252 Million Years Ago, Earth’s Climate Hit Reset

What fossil plants can teach us about global tipping points, and what that means for our future
Have you ever seen a fossilized fossil fern?
They are thin, fragile, and pressed into rock like a fingerprint from a world that no longer exists. Some of the most iconic I’ve seen come from the Triassic, just after the most catastrophic mass extinction Earth has ever seen (yes, worse and earlier than the one that wiped out the dinosaurs).
These impressions remind us of something crucial for the history of our planet: life doesn’t just end during extinction events; it reshuffles, regrows, and reclaims.

As a paleontologist, I’ve spent most of my career piecing together who lived where, when, and most importantly, why. So when I saw a new study linking ancient plant fossils to climate models that simulate the aftermath of the Great Dying (also known as the Permian–Triassic extinction event), I knew this was the perfect piece for those interested in both climate change and paleontology.
This wasn’t just another tale of extinction. It was a window into how Earth’s climate system can flip, suddenly and violently, and how living things try to pick up the pieces.
Around 252 million years ago, the Permian-Triassic extinction wiped out over 80% of marine species and most land animals.

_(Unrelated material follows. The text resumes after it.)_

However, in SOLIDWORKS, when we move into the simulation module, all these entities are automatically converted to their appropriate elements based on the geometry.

But while the spotlight often falls on the dinosaurs’ earlier cousins or the deep-sea die-offs, this paper shifts our focus to plants and the climate system that shaped their fate.
The study asked a deceptively simple question: how did Earth’s vegetation change across the Permian-Triassic boundary, and what does that tell us about the planet’s climate at the time?

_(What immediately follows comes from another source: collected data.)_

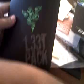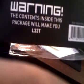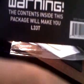Here's my receipt. And then this is a lead pack they send right now. I think it's until, I don't know, I think it's July or so. And it says warning, the contents inside this package will make you lead.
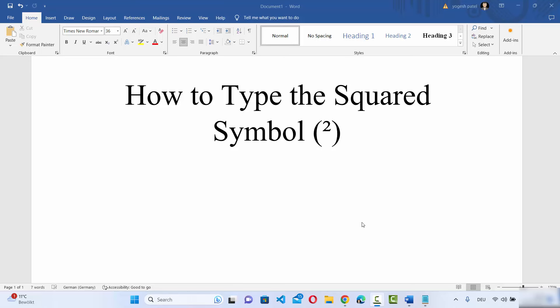Hey guys, in this video I'm going to show you how you can type the square symbol on your Word document using the keyboard, and then you can copy and paste it anywhere where you require a square symbol.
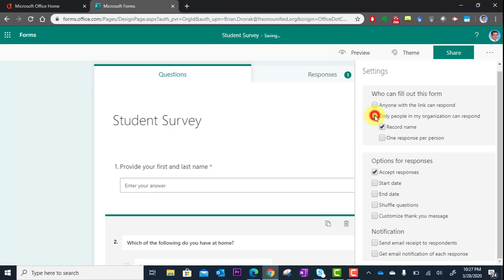The other option here is only people in my organization, which means exactly that. It means that they'll have to sign in before they take the survey.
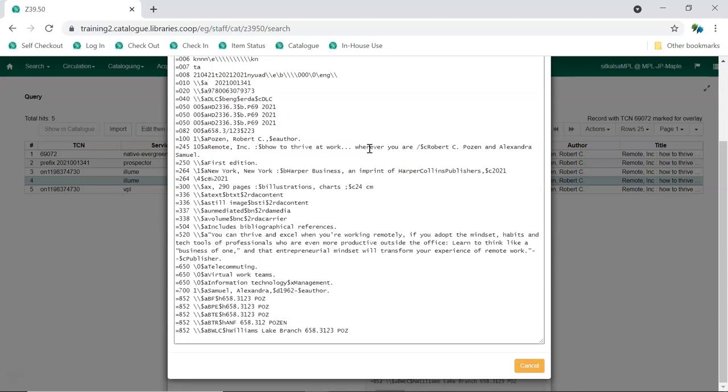Remove any fields that contain local data related to items held by the service the record came from. Generally, this information is found in the 852 fields and 9XX fields.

To answer it, they combined plant macrofossil records (things like leaves, seeds, and stems) with advanced climate simulations. These models, powered by decades of geological and atmospheric data, recreated what Earth’s surface may have looked like before, during, and after the extinction event.
The surprise? Their models revealed that Earth didn’t have one stable climate at the time, it had three possible steady states: cold, warm, and hot.
Which of these states the planet settled into depended on how much CO₂ was in the atmosphere and how fast it increased.
The method was surprisingly elegant. The team used well-dated plant fossils from five distinct stages spanning the extinction: Wuchiapingian and Changhsingian (late Permian), Induan and Olenekian (early Triassic), and Anisian (middle Triassic). Each plant genus was tied to a specific kind of biome: tropical everwet, seasonal summerwet, temperate, desert, and so on.
By comparing these real-world fossil assemblages to vegetation patterns predicted by their models, the researchers could “match” past biomes to simulated ones. It’s a bit like cross-referencing a witness sketch of a forest with Google Earth snapshots from different time periods.

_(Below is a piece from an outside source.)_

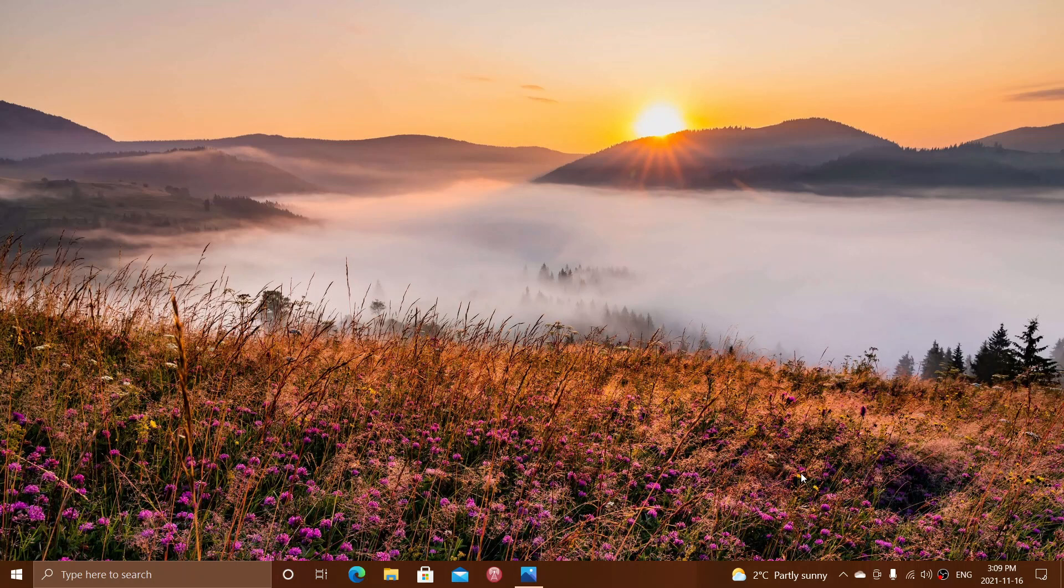So, we have 21H2 for Windows 10 now available. If you are a user of Windows 10 and want to see if you can get 21H2, it is now available, was released today, November 16th, 2021.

Statistical tests helped them figure out which modeled climate state best fit the fossil data at each time point. And the results showed a world flipping through extremes.
During the late Permian, Earth’s climate was relatively cool. Polar regions supported tundra, temperate belts wrapped around mid-latitudes, and deserts appeared near the tropics. The fossil plant communities matched this picture closely.
But everything changed as CO₂ levels skyrocketed, fueled by massive volcanic eruptions in Siberia that poured carbon into the atmosphere for nearly a million years.
In the wake of this, the Induan period appears shady. Fossil evidence suggests a chaotic climate with frequent oscillations, too unstable for ecosystems to settle. Think of it like a planet reeling from shock, its ecosystems disoriented and gasping for equilibrium.
By the time the Triassic reached the Olenekian and Anisian stages, however, a new normal had emerged: the hot state. The tundra disappeared. Deserts shrank. Humid tropical forests crept further from the equator, and temperate vegetation reached the poles. Yes, the poles.

In numerical terms, Earth had warmed by 10°C. That’s not a typo. Ten degrees is the difference between an ice age and a greenhouse world.
What makes this study especially compelling isn’t just the match between fossil and model, it’s what that match implies.
“This transition… is marked by an increase of approximately 10°C in the mean global surface air temperature and an intensification of the water cycle,” Dr. Brunetti explains. Polar regions turned green. Deserts made way for jungles. Biomes didn’t just shift; they jumped into new zones entirely.
And those jumps weren’t random. The study suggests that Earth’s climate system, like a ball in a landscape of valleys, can settle into different stable “attractors.” But add enough CO₂, and you can tip the ball into a new valley. Once it’s there, getting it back is hard.
That’s where the modern connection comes in.
If we keep emitting CO₂ at our current pace, the authors estimate we’ll hit the levels that triggered the Great Dying in about 2,700 years. That may sound distant, but in geological terms, it’s tomorrow. And unlike the slow-building volcanoes of the Permian (over a million years), our emissions are happening at lightning speed.

From a paleontologist’s perspective, I find it humbling. We often imagine past extinctions as alien catastrophes, unfolding in worlds unrecognizable from our own. But the forces at play then are disturbingly familiar: carbon, temperature, tipping points.
And while the plants of the Triassic eventually bounced back, it took millions of years and a complete reorganization of life. There’s no guarantee that today’s forests, wetlands, or coral reefs would make it through a similar upheaval. Or that we’ll be here to see it.
But there is a silver lining. Studies like this remind us that ecosystems leave clues, sometimes buried in rock for hundreds of millions of years. And if we’re willing to read them, we might find not just warnings, but wisdom.
Because in the end, it’s not just about what happened back then. It’s about what happens next.